DATASET EXCERPTS START
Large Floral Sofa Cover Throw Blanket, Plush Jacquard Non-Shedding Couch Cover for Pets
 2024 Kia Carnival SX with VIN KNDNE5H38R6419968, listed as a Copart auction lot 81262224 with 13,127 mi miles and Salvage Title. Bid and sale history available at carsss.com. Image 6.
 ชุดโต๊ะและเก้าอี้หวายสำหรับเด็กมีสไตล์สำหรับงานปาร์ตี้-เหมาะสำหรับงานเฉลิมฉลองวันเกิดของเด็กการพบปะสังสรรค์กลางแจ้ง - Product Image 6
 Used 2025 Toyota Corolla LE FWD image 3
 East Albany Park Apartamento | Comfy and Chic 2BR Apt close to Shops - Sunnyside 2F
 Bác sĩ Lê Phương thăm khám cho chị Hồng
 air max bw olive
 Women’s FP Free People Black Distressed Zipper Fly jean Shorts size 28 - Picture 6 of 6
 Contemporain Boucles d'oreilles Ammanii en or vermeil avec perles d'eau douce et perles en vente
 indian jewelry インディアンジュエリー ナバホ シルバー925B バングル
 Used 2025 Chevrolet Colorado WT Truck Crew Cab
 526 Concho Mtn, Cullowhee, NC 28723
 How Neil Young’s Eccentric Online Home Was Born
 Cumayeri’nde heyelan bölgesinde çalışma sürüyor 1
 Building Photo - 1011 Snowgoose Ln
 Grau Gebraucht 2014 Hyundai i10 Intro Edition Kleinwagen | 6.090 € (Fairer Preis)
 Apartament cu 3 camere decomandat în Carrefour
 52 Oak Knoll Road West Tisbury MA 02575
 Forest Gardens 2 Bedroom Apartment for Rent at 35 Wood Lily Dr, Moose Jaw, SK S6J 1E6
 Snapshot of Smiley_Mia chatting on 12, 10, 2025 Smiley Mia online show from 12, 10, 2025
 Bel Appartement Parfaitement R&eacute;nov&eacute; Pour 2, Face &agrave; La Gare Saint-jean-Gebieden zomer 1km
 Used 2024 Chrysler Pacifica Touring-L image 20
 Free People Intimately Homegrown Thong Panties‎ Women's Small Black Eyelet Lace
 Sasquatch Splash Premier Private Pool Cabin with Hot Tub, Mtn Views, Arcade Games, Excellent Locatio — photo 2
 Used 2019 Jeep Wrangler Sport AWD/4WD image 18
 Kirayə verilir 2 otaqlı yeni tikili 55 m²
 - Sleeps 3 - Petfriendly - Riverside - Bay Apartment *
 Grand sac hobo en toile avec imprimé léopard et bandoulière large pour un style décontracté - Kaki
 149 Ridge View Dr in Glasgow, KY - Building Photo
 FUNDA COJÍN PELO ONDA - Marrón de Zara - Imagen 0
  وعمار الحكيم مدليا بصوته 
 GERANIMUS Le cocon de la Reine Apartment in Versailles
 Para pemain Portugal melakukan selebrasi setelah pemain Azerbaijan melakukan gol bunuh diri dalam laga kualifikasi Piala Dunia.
DATASET EXCERPTS END
### TASK TO COMPLETE:
Write out all the material exactly.

### EXERCISE SOLUTION:
Large Floral Sofa Cover Throw Blanket, Plush Jacquard Non-Shedding Couch Cover for Pets
 2024 Kia Carnival SX with VIN KNDNE5H38R6419968, listed as a Copart auction lot 81262224 with 13,127 mi miles and Salvage Title. Bid and sale history available at carsss.com. Image 6.
 ชุดโต๊ะและเก้าอี้หวายสำหรับเด็กมีสไตล์สำหรับงานปาร์ตี้-เหมาะสำหรับงานเฉลิมฉลองวันเกิดของเด็กการพบปะสังสรรค์กลางแจ้ง - Product Image 6
 Used 2025 Toyota Corolla LE FWD image 3
 East Albany Park Apartamento | Comfy and Chic 2BR Apt close to Shops - Sunnyside 2F
 Bác sĩ Lê Phương thăm khám cho chị Hồng
 air max bw olive
 Women’s FP Free People Black Distressed Zipper Fly jean Shorts size 28 - Picture 6 of 6
 Contemporain Boucles d'oreilles Ammanii en or vermeil avec perles d'eau douce et perles en vente
 indian jewelry インディアンジュエリー ナバホ シルバー925B バングル
 Used 2025 Chevrolet Colorado WT Truck Crew Cab
 526 Concho Mtn, Cullowhee, NC 28723
 How Neil Young’s Eccentric Online Home Was Born
 Cumayeri’nde heyelan bölgesinde çalışma sürüyor 1
 Building Photo - 1011 Snowgoose Ln
 Grau Gebraucht 2014 Hyundai i10 Intro Edition Kleinwagen | 6.090 € (Fairer Preis)
 Apartament cu 3 camere decomandat în Carrefour
 52 Oak Knoll Road West Tisbury MA 02575
 Forest Gardens 2 Bedroom Apartment for Rent at 35 Wood Lily Dr, Moose Jaw, SK S6J 1E6
 Snapshot of Smiley_Mia chatting on 12, 10, 2025 Smiley Mia online show from 12, 10, 2025
 Bel Appartement Parfaitement R&eacute;nov&eacute; Pour 2, Face &agrave; La Gare Saint-jean-Gebieden zomer 1km
 Used 2024 Chrysler Pacifica Touring-L image 20
 Free People Intimately Homegrown Thong Panties‎ Women's Small Black Eyelet Lace
 Sasquatch Splash Premier Private Pool Cabin with Hot Tub, Mtn Views, Arcade Games, Excellent Locatio — photo 2
 Used 2019 Jeep Wrangler Sport AWD/4WD image 18
 Kirayə verilir 2 otaqlı yeni tikili 55 m²
 - Sleeps 3 - Petfriendly - Riverside - Bay Apartment *
 Grand sac hobo en toile avec imprimé léopard et bandoulière large pour un style décontracté - Kaki
 149 Ridge View Dr in Glasgow, KY - Building Photo
 FUNDA COJÍN PELO ONDA - Marrón de Zara - Imagen 0
  وعمار الحكيم مدليا بصوته 
 GERANIMUS Le cocon de la Reine Apartment in Versailles
 Para pemain Portugal melakukan selebrasi setelah pemain Azerbaijan melakukan gol bunuh diri dalam laga kualifikasi Piala Dunia.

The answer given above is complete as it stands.